博多のおうどんは、柔らかホワホワですが、こちらのおうどんは切りたて・ゆでたてで、柔らかいけどちょっとこしもあるという、なんとも言えない絶妙さ。お出汁も美味しいし、最高でした。ぜひまた行きたい。
ついつい盛り上がりたくなる博多の夜ですが、明日からの旅に備えて、早めに引き揚げて就寝しました。

絶海に突然現れる「山塊」
博多港から高速船(ジェットフォイル)に乗り、約二時間半。

途中、壱岐に一度停泊した時にも、「壱岐って大きい島だなあ」と驚いたんですけど、対馬が見えてきときに、思わず「おおおお!」と声を出してしまいました。

いきなり山がある!

そんな感じなんです。
対馬が大きな島であることは、知っていました。日本の離島としては、佐渡、奄美大島に続く第三位の大きさです。ここまで大きいと上陸してしまえば「島」感はほとんどないはずです。

そんな予想はしていたものの、実際に見ると、想像を大きく超えてきました。そこには突然「山塊」と言いたいような島が出現したのです。

「対馬は島土の89パーセントが山地」という情報も知ってはいたのですが、なんと言ったらいいんでしょう。想像以上の「山国」感だったのです。

港から中心地「厳原(いずはら)」地区を目指します。

港から見てもますます増していくこの「山」感。

変な言い方ですが、海なし県に生まれた身としては、その土地の属性が「海」なのか「山」なのかは、何かとても大きな違いがあると感じるのです。
離島というのは、圧倒的に「海」です。あの大きな佐渡島でも、やはり「海」の気配が濃厚な気がします。

しかし、この対馬は何か…ちょっと違う。気がする……。

「海」の気配がないわけはないのです。
しかし、「山」なのです。
……なんだこれ?

私たちは、そんな不思議な感覚について話し合いながら、とにかくまずはお腹を見たそう、ということで、厳原の中心にある「ふれあい処つしま」へと向かいました。

山、山言ってても、そりゃまずいただくのは、やはりお魚ですね!
地魚のお刺身の盛り合わせと、アナゴのフライの定食。

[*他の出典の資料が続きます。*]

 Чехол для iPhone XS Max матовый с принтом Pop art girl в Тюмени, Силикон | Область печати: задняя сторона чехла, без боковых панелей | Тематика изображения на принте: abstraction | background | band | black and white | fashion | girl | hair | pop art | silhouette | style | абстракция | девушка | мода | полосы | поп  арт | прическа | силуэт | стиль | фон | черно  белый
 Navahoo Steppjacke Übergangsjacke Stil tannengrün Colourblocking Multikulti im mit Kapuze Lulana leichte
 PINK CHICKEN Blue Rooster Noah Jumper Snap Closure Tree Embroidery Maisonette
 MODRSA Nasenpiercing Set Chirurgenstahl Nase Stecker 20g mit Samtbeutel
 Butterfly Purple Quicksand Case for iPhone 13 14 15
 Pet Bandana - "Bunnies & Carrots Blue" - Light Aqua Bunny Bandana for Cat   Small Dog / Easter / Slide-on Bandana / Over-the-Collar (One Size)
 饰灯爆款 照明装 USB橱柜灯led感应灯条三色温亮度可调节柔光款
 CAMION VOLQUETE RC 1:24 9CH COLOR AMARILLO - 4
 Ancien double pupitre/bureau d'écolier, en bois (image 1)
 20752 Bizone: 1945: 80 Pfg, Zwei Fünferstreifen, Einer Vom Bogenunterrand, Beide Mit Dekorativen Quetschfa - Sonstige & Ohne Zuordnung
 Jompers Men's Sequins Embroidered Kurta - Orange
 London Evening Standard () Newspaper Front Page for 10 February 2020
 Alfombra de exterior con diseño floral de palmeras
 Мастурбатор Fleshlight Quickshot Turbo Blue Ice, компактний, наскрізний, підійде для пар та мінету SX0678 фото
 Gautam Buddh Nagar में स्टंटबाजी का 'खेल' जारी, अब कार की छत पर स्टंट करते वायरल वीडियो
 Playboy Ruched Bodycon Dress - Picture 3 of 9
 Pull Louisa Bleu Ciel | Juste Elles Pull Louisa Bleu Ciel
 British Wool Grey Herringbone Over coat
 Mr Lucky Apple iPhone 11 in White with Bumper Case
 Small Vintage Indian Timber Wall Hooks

お魚は奥から「スギ」「サザエ」「イカ」、「ヒラス」、「アナゴ」。どのお魚も、絶品!
アナゴのお刺身なんて初めていただきましたが、めちゃくちゃ美味しかった!ヒラメのエンガワみたいな感じ。アナゴのフライもふわっふわでもトロっと溶けちゃいます。対馬はアナゴの水揚げ量が日本一なんだそうですよ。なるほどなるほど…


「宗」氏の城下町、厳原を歩く
初日は、あまり無理せず厳原観光することになりました。お腹はいっぱいになって、パワーは充てんされたのですが、あまりにも暑い!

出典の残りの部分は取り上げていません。